## Problem
A verbatim copy of each record is required.

## Supplied material

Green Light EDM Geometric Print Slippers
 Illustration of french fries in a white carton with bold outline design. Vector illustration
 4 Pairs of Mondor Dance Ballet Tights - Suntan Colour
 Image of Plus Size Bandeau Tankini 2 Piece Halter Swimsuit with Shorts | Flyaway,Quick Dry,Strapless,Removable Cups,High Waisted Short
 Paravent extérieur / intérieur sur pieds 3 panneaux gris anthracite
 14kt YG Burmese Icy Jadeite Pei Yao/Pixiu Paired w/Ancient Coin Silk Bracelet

## Response to the exercise
Green Light EDM Geometric Print Slippers
 Illustration of french fries in a white carton with bold outline design. Vector illustration
 4 Pairs of Mondor Dance Ballet Tights - Suntan Colour
 Image of Plus Size Bandeau Tankini 2 Piece Halter Swimsuit with Shorts | Flyaway,Quick Dry,Strapless,Removable Cups,High Waisted Short
 Paravent extérieur / intérieur sur pieds 3 panneaux gris anthracite
 14kt YG Burmese Icy Jadeite Pei Yao/Pixiu Paired w/Ancient Coin Silk Bracelet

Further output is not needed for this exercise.